=== Section Start ===

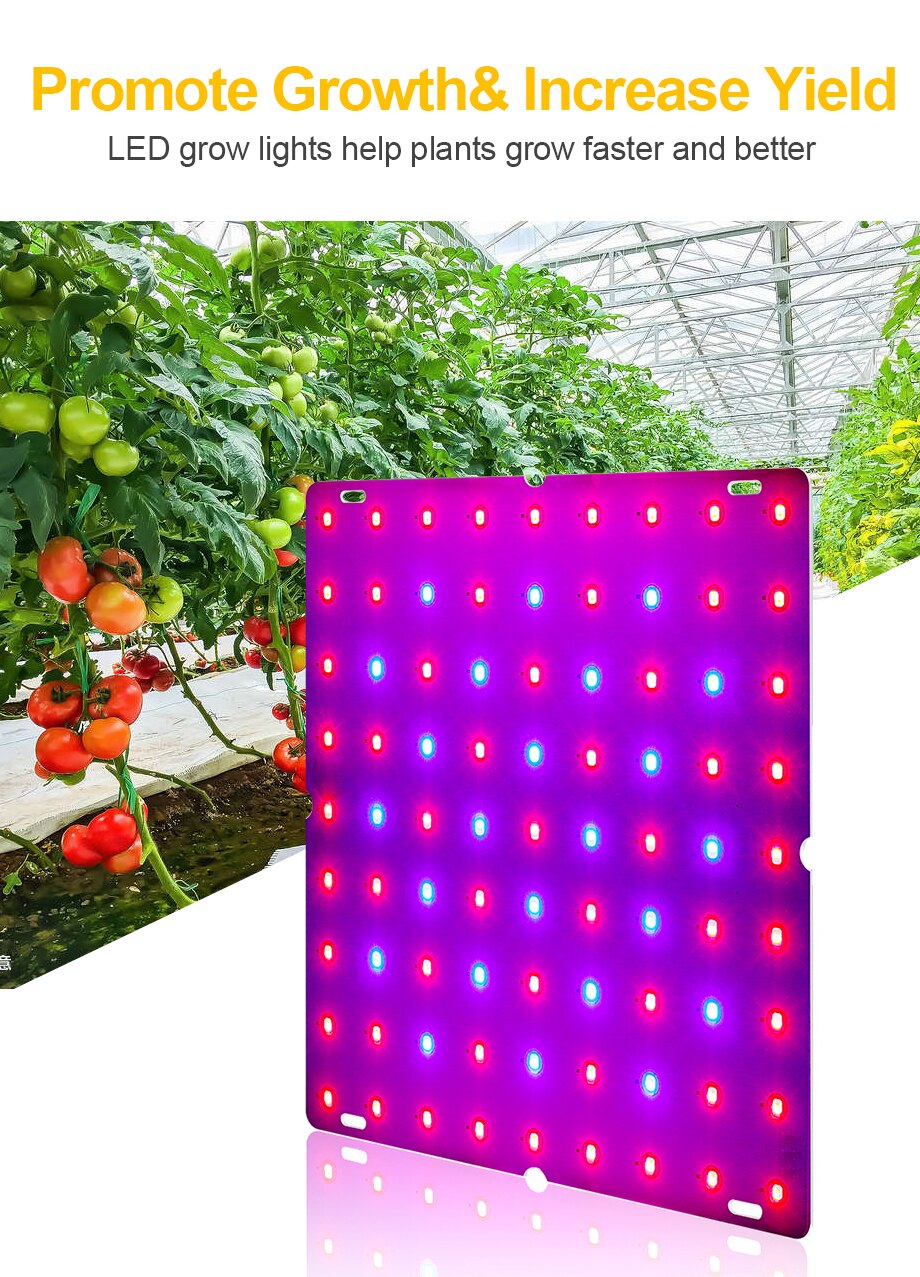 LED Grow Plant Light Phytolamp for Plants 2835 Lamp Beads Quantum Board Growth Lighting Full Spectrum Hydroponics Plant Lamp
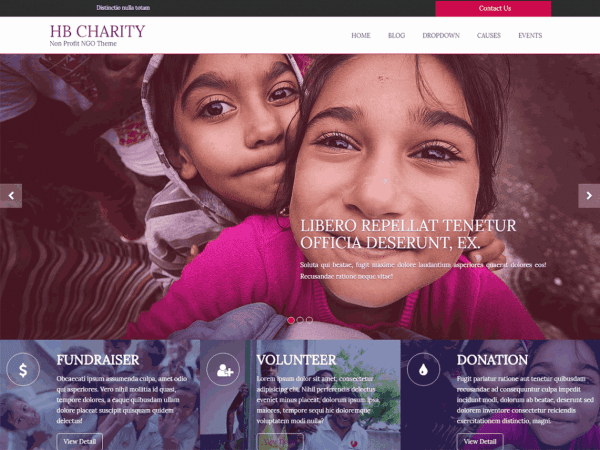 Free Hb Charity Wordpress Theme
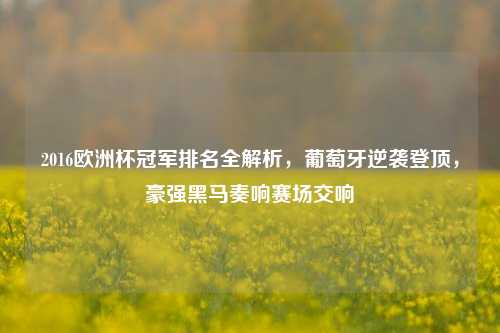 2016欧洲杯冠军排名全解析,葡萄牙逆袭登顶,豪强黑马奏响赛场交响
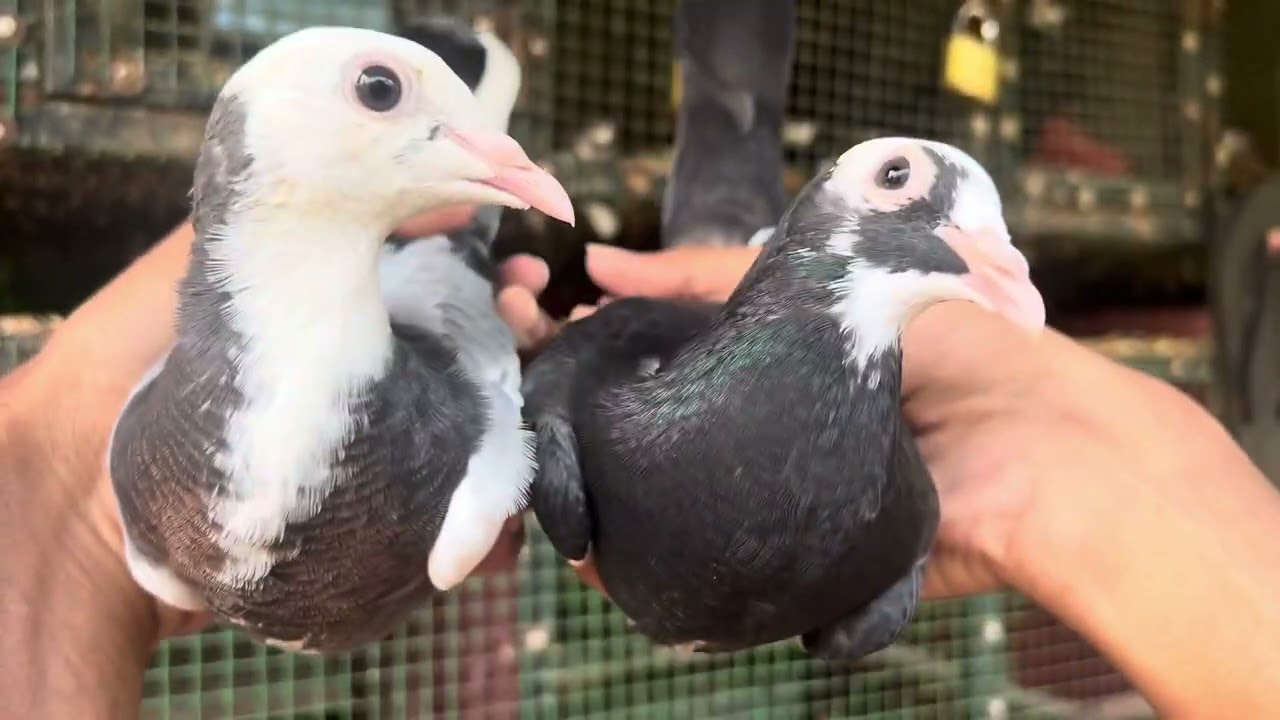 හොදම සත්තු හොයන අයට 😍❤️‍🔥🕊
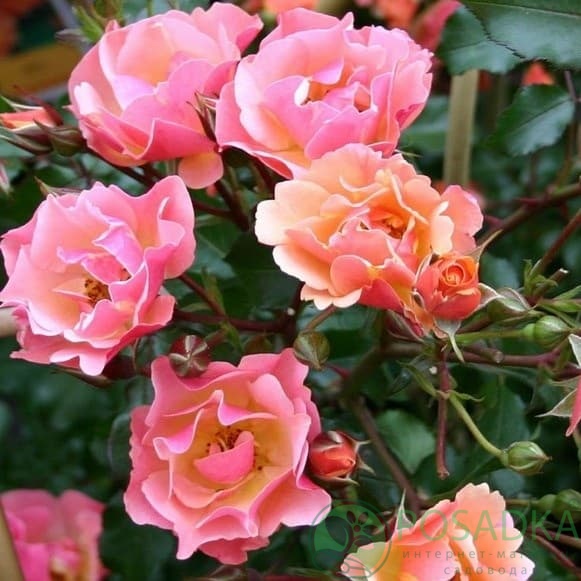 картинка Роза почвопокровная Джаз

=== Section End ===

Starting at the line that contains "2016欧洲杯冠军排名全解析,葡萄牙逆袭登顶,豪强黑马奏响赛场交响", output every line through the end of the data, both ends included, and nothing else; pictures stay out.

 2016欧洲杯冠军排名全解析,葡萄牙逆袭登顶,豪强黑马奏响赛场交响
 හොදම සත්තු හොයන අයට 😍❤️‍🔥🕊
 картинка Роза почвопокровная Джаз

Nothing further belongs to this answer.